Lakpesdam bisa kehilangan fokus pada kajian substantif keislaman dan pengembangan SDM berbasis pesantren. Sebab ada dua dunia yang berbeda: yang pertama di ranah ideologis, dan yang terakhir di ranah materialis. Bagi aliran materialis, materi adalah hal utama. Sementara ide, spirit, dan gagasan merupakan perkara sekunder.

Berbeda halnya dengan aliran idealis, yang paling utama adalah ide sementara materi sebagai yang sekunder (George Novack,The Origins of Materialism, 1979). Dan karenanya, mustahil Lakpesdam didegradasi dari peran fungsinya yang semula idealis menjadi materialis sebagaimana Bappenas.

Selain itu, ada hal-hal subtantif lainnya yang berkenaan dengan profile dan rekam jejak secara individu, dan ini semestinya patut menjadi pertimbangan.

Pertama, kurangnya kesesuaian profil. Erick Thohir lebih dikenal sebagai pengusaha dan politisi daripada ahli kajian keislaman atau pengembangan SDM berbasis nilai-nilai NU. Lakpesdam NU membutuhkan kepemimpinan yang mendalam dalam tradisi keilmuan dan sosial NU.

Kedua, kurangnya akar pesantrennya Eric.

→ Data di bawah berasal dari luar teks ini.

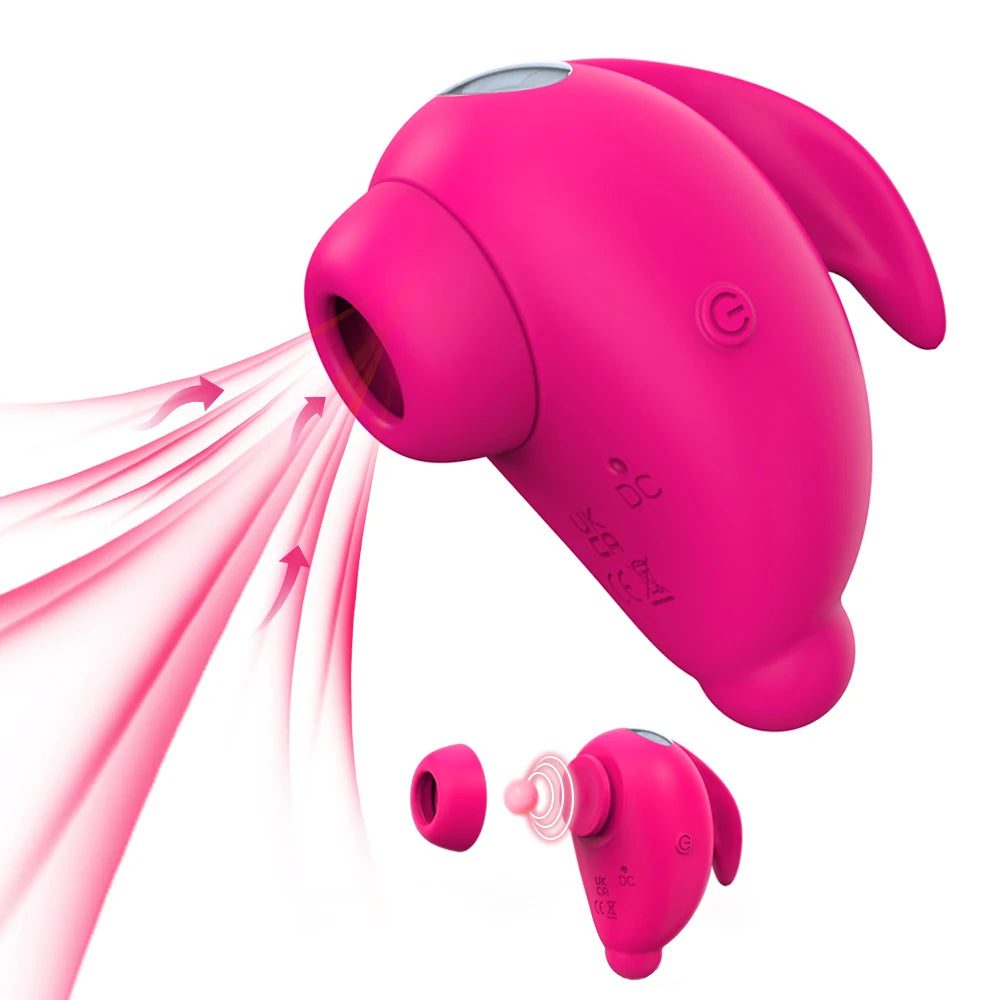 Sucking Vibrator Sex Toy for Women Vibrating Clit Sucker Clitoris Stimulator Oral Vacuum Suction Vibration for Female Adults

Bahkan, Erick tidak memiliki latar belakang kuat sebagai aktivis atau alumni pesantren NU, yang bisa jadi membuatnya kurang memahami ethos dan spirit Nahdliyin.

Ketiga, rekam jejak Erick lebih dominan di ranah politik dan bisnis (BUMN, Menteri), berpotensi mengarahkan Lakpesdam ke arah pragmatisme ketimbang fokus kajian dan pengembangan SDM berbasis nilai.

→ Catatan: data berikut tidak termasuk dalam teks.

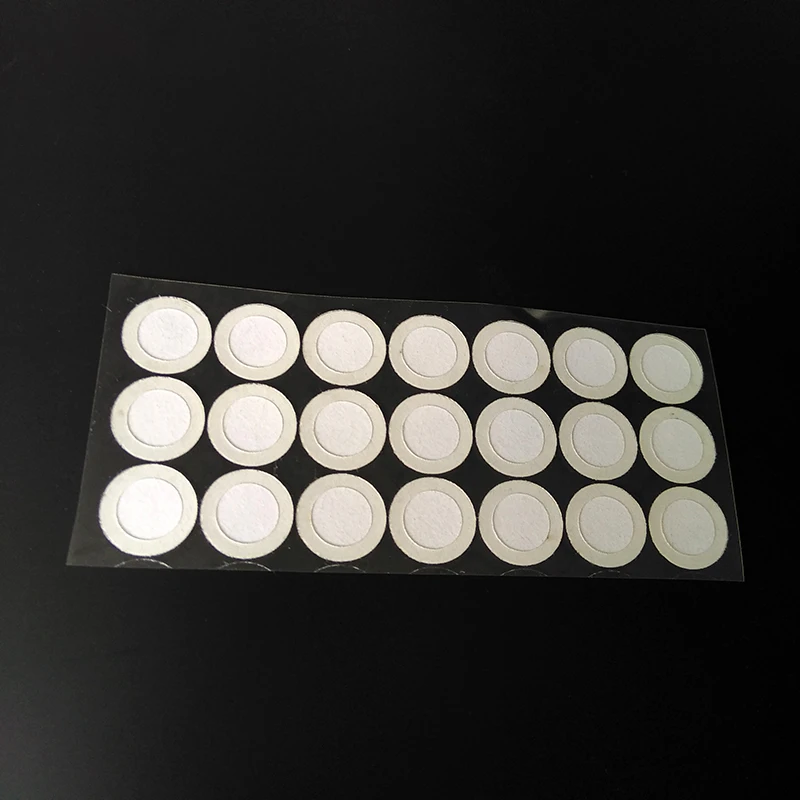 Adhesive Waterproof Vent Membrane E-PTFE Protective Vent IP67 Self Adhesive Vent Filter For Electronics Plastic Housing Lighting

Keempat, penunjukan Erick mungkin dilihat sebagai upaya transformasi yang dipaksakan tanpa mempertimbangkan kesiapan internal organisasi.

Kelima, jarak dengan tradisi NU. Lakpesdam NU seharusnya menjadi ruang kajian yang dekat dengan tradisi pesantren dan kultur NU; tetapi dengan kepemimpinan Erick bisa jadi memperlebar jarak ini.

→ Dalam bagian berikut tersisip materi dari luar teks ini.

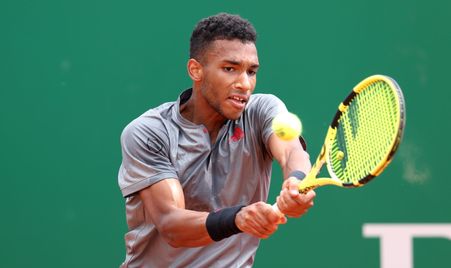 Monte Carlo 2021 R2 Cabal Farah Auger-Aliassime Hurkacz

Setelah dua tahun lebih berjalan, waktu pula yang membuktikan bahwa pengangkatan Erick Thohir sebagai Ketua Lakpesdam NU kurang tepat dan semakin ketara saat itu ada unsur motif politik terselubung dari pada kebutuhan idealisme organisasi. Mengingat jejak poliitik dan bisnis Eric, apalagi kemudian menjadi menteri BUMN, hal inilah yang menimbulkan pertanyaan besar saat itu tentang kesesuaian profil dan dampaknya bagi organisasi selain, risiko Lakpesdam lebih menjadi alat politik ketimbang lembaga kajian strategis.

Karena itu Lakpesdam NU darurat butuh figur yang mampu menghidupkan kajian kritis dan relevan dengan tantangan zaman. Selain itu, juga memerlukan pemimpin yang mengakar dengan tradisi pesantreni dan mampu membawa visi transformatif berbasis nilai keagamaan dan sosial. Karena Lakpesdam sejak kalahirannya memang diniatkan sebagai ruang Intelektual yang membumi. Wallahu'alam bishawab.

Yogyakarta, 25 September 2025

*Warga Nahdliyin dan Pengasuh Pesantren Kreatif Baitul Kilmah Yogyakarta.